Marmeladenbrot / Crawler

0 stars 2 forks source link

say thanks non-issue #1

Open salesiss opened 6 years ago

salesiss commented 6 years ago

We can't find your email anywhere but wish to thank you a lot for https://github.com/ariya/phantomjs/issues/13581. We were going crazy&nuts with concurrency, timeout and crashes with a large list of url's for phantomJs to process. Your code clarifed that simply processing everything sequentially was a much better alternative than queues or callback hell, also consuming less memory - yeah! - THANKS

page.onLoadFinished = function(status) {
// more here nextPage(); // SIMPLY MUCH NEEDED! -> 'GENIUS!!!' } }{;

Marmeladenbrot commented 6 years ago

I'm not really active at Github, only opening issues/bug reports for tools I use. Also I don't monitor the email account I've used here (if the email is even visible, guess it's not), it's just used for registering for services.

I'm glad I could help you.
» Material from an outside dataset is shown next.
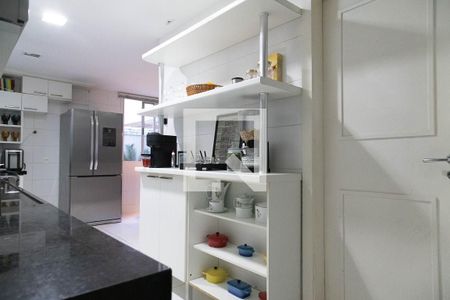 Casa de condomínio à venda com 280m², 4 quartos e 2 vagas Casa de condomínio à venda com 280m², 4 quartos e 2 vagasCozinha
For the future you may want to migrate from PhantomJS to headless Chrome with "DevTools protocol", enabling a way better resource management and probably a worker pool that uses a single tab per worker which would be the ultimate goal for concurrency+parallelism in terms of large url lists.

Besides that, the development of PhantomJS has ended because of headless Chrome so the migration path is quite clear if you need new features in the future.

The Chrome team is also talking to the Firefox team about supporting the same headless protocol so that you can maybe use the same code for Chrome and Firefox in the future if needed.

Best regards and happy crawling Marmeladenbrot